§ TASK
In the listing that follows, locate the line containing "Anillo de Compromiso" and the line containing "Etagenwohnung Lichtenstein - 2". Retype exactly those two lines and every line between them, and nothing more.

----- DATASET EXCERPTS -----

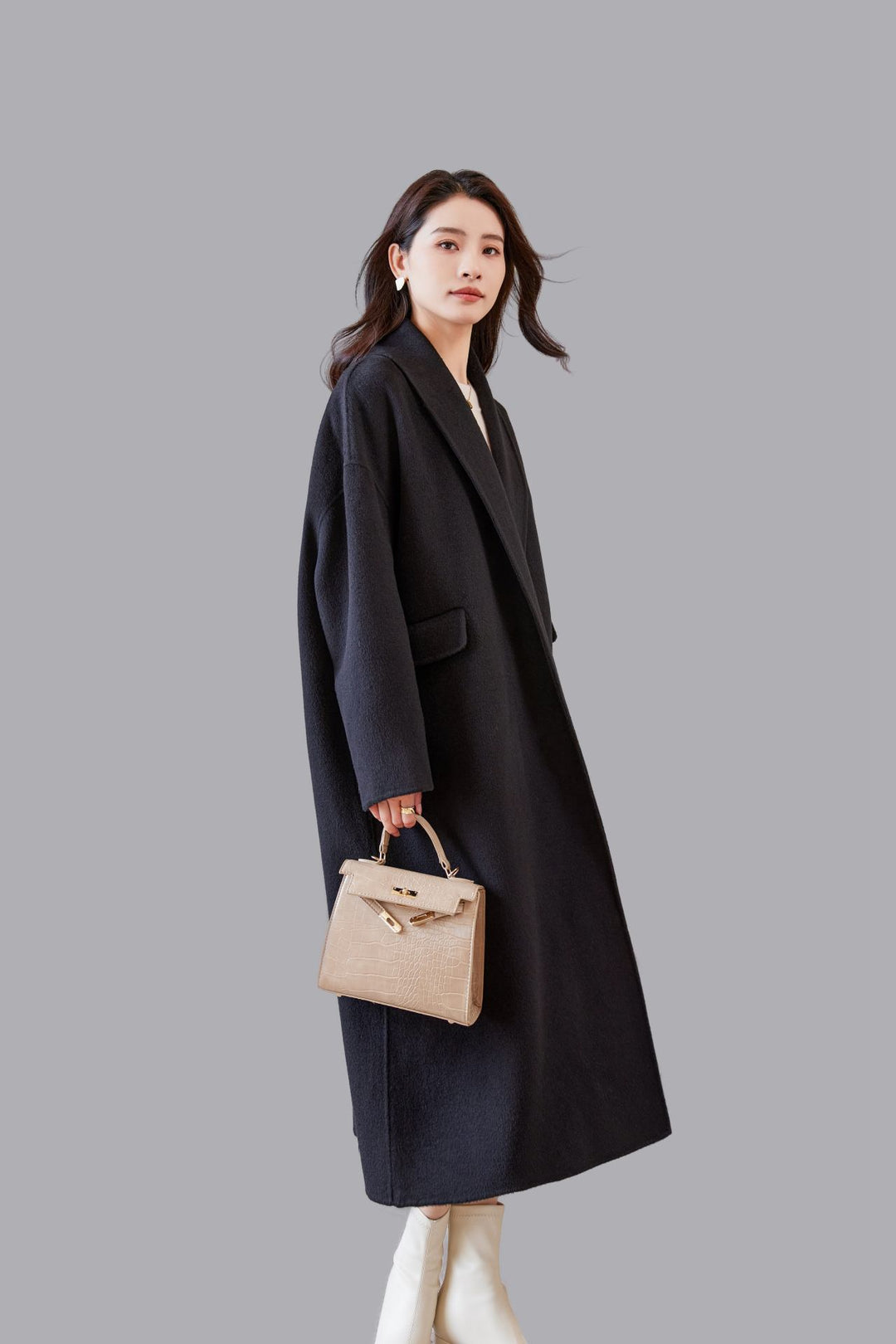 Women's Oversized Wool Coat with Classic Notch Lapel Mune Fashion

-----
----- DATASET EXCERPTS -----

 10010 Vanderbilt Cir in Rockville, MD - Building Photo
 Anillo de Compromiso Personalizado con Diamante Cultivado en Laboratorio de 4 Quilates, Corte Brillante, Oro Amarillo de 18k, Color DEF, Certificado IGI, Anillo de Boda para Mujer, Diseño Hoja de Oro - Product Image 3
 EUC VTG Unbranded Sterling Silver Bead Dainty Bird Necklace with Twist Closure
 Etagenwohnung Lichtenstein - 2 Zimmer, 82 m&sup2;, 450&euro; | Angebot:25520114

-----

§ ANSWER TO THIS PROBLEM
 Anillo de Compromiso Personalizado con Diamante Cultivado en Laboratorio de 4 Quilates, Corte Brillante, Oro Amarillo de 18k, Color DEF, Certificado IGI, Anillo de Boda para Mujer, Diseño Hoja de Oro - Product Image 3
 EUC VTG Unbranded Sterling Silver Bead Dainty Bird Necklace with Twist Closure
 Etagenwohnung Lichtenstein - 2 Zimmer, 82 m&sup2;, 450&euro; | Angebot:25520114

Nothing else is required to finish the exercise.